Maximiano naturalmente se resistió a ser destituido por segunda vez y trató de enfrentarse con los otros. Pronto fue derrotado por Constantino, quien tenía la posición que deseaba sin Maximiano, ya no necesitaba más al viejo y, por ende, no tuvo escrúpulos en hacer ejecutar a su suegro.
Galerio murió en 311 (1064 A. U. C.) y fue sucedido por Maximino Daia, su César. Maximino Daia continuó la persecución de los cristianos y trató de consolidarse llegando a un acuerdo con Majencio, quien aún gobernaba Italia.
De este modo, la situación era propicia para una nueva guerra civil. Majencio en Italia y Maximino Daia en Asia Menor estaban frente a Constantino en la Galia y Licinio en las provincias danubianas.
Constantino invadió Italia en 312. Era la tercera vez que un ejército marchaba sobre Italia para combatir contra Majencio, pero, a diferencia de los dos primeros ejércitos, el de Constantino no fue rápidamente derrotado y expulsado.
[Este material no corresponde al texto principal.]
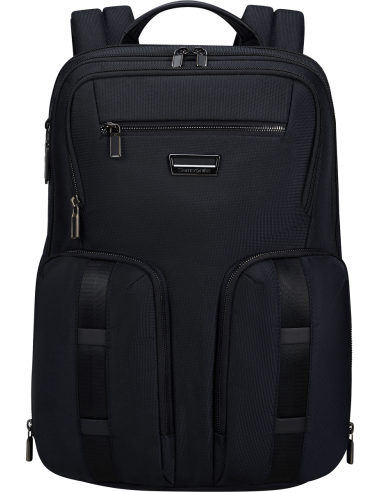 Mochila Samsonite URBAN-EYE dois...
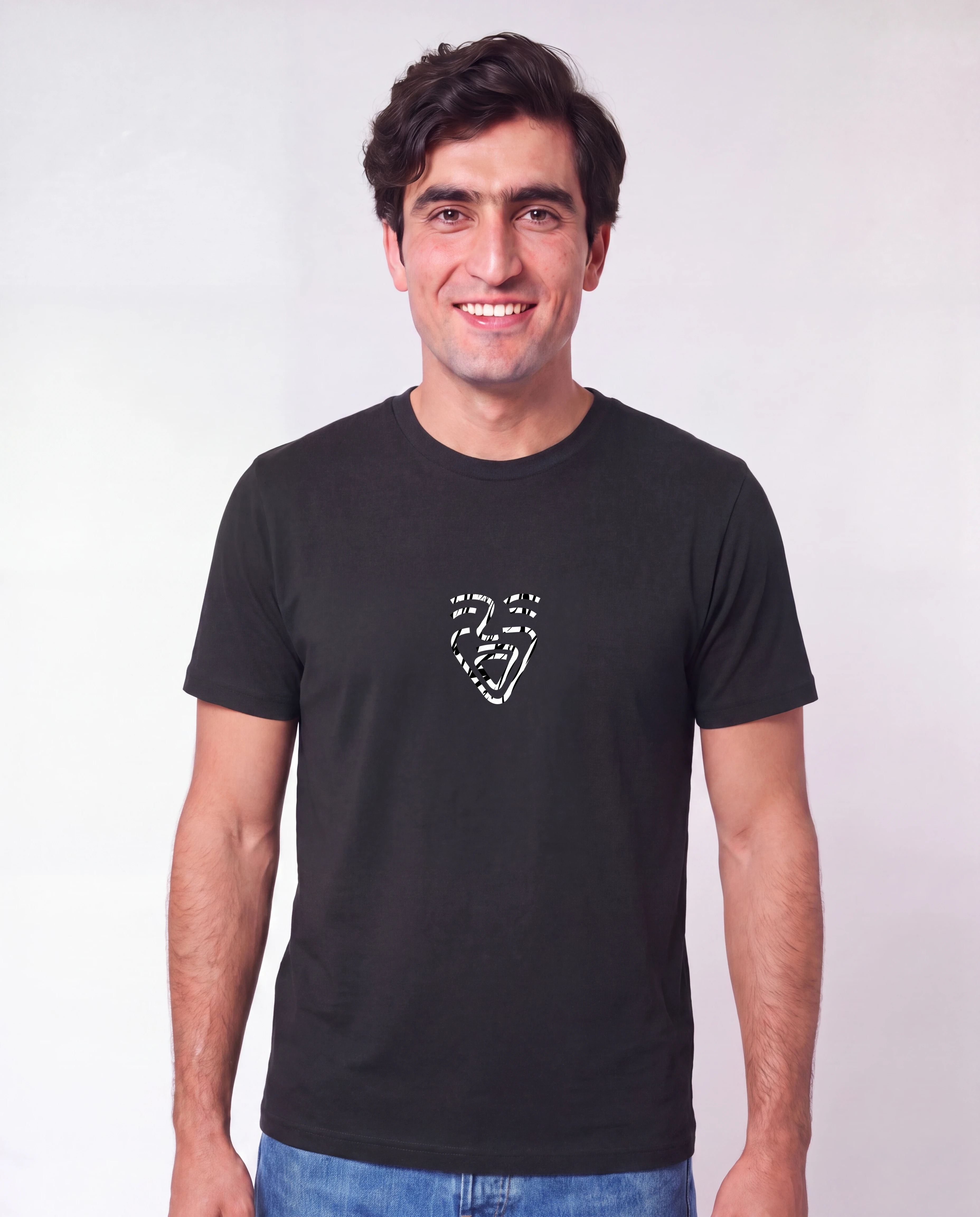 Afghanistan Shirt - Image 5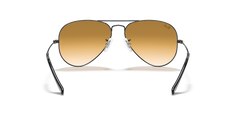 Ray-Ban Unisex RB3025 004/51 55 Sunglasses-image 4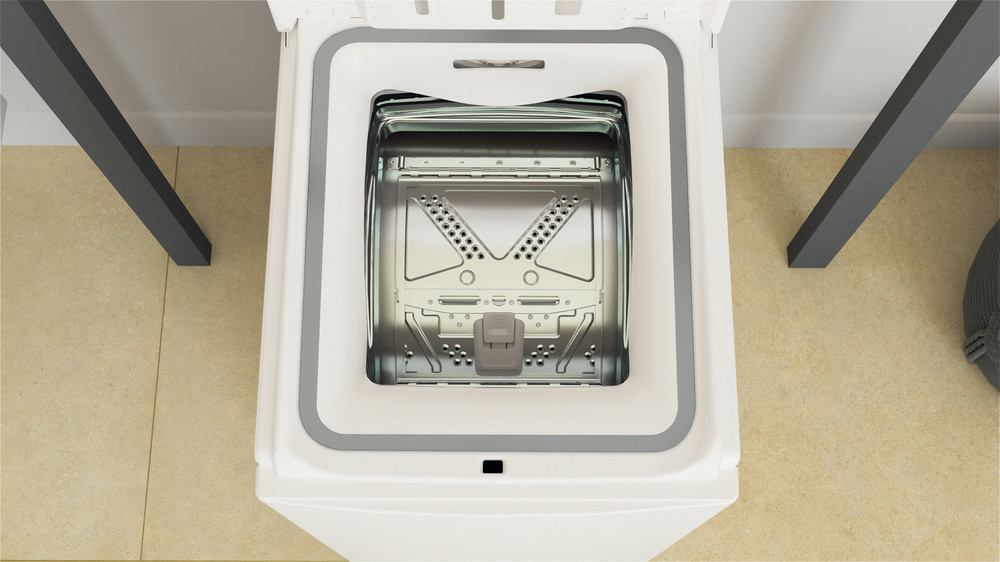 Whirlpool TDLR 55130S EU – image 9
Constantino derrotó a las fuerzas de Majencio en el valle del Po y luego avanzó sobre la misma Roma. Majencio se dispuso a enfrentarlo y los dos ejércitos se encontraron en un puente del río Tíber (el Puente Milvio). Constantino trató de cruzarlo y Majencio pretendió impedírselo.
Antes de la batalla (según los posteriores historiadores cristianos), vio una cruz brillante en el cielo y, bajo ella, palabras que decían «in hoc signo vinces» («bajo este signo vencerás»). Se supone que esto alentó a Constantino, quien ordenó que se pusiera una insignia cristiana en los escudos de los soldados y luego los envió confiadamente a la batalla. Las fuerzas de Majencio fueron completamente derrotadas y el mismo Majencio halló la muerte. Constantino quedó dueño de Occidente y fue proclamado emperador por el Senado. Luego procedió a disolver definitivamente a la guardia pretoriana, con lo que llegó a su fin esta perturbadora banda que antaño había hecho y deshecho emperadores.
Se supuso que el signo de la cruz que Constantino había visto en el cielo lo llevó a convertirse al cristianismo, pero no fue así. Constantino fue durante toda su vida un político realista y, muy probablemente, lo que en verdad ocurrió fue que Constantino constituyó el primer emperador que llegó a la conclusión de que el futuro pertenecía al cristianismo. Decidió que no tenía objeto perseguir a la parte que seguramente iba a ganar. Era mejor unirse a ella, y lo hizo. Pero no se convirtió oficialmente al cristianismo hasta mucho después en su vida, cuando se persuadió de que era seguro hacerlo. (A fin de cuentas, los cristianos del Imperio siguieron siendo una minoría hasta el final mismo de su reinado.)
Constantino continuó cautelosamente rindiendo honores al Dios-Sol de su padre y no permitió que lo bautizaran hasta su lecho de muerte, para lavar sus pecados en un momento en que ya no estaba en condiciones de seguir cometiéndolos.